• [What needs to be done]: From the listing below, copy out every line where the word "Cable" appears.
-- Provided data follows --
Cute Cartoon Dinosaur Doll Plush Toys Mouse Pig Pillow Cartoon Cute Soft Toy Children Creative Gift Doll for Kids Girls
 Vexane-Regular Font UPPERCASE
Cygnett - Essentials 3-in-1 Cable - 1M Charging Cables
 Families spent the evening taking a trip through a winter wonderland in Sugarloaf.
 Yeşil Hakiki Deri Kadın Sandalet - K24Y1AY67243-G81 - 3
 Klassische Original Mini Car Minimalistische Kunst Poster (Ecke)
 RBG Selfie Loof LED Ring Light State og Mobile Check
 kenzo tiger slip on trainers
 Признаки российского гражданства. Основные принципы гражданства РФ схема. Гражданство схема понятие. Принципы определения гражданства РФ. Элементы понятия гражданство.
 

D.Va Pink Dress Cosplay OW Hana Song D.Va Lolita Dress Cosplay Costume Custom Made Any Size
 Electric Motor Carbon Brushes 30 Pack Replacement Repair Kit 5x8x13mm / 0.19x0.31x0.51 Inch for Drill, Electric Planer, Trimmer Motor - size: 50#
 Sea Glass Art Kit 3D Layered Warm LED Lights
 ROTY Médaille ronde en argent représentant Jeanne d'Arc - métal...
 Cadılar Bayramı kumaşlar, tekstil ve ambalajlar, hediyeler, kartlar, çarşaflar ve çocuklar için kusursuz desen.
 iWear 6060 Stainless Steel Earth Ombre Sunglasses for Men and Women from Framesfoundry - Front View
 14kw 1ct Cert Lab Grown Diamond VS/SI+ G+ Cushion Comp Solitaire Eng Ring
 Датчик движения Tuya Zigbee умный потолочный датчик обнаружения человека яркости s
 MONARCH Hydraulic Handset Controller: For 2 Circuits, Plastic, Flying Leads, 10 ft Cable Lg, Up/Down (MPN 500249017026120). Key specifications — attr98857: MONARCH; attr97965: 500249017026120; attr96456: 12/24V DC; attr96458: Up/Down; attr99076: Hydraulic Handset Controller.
-- Provided data concluded --
• [Completed task]:
Cygnett - Essentials 3-in-1 Cable - 1M Charging Cables
 MONARCH Hydraulic Handset Controller: For 2 Circuits, Plastic, Flying Leads, 10 ft Cable Lg, Up/Down (MPN 500249017026120). Key specifications — attr98857: MONARCH; attr97965: 500249017026120; attr96456: 12/24V DC; attr96458: Up/Down; attr99076: Hydraulic Handset Controller.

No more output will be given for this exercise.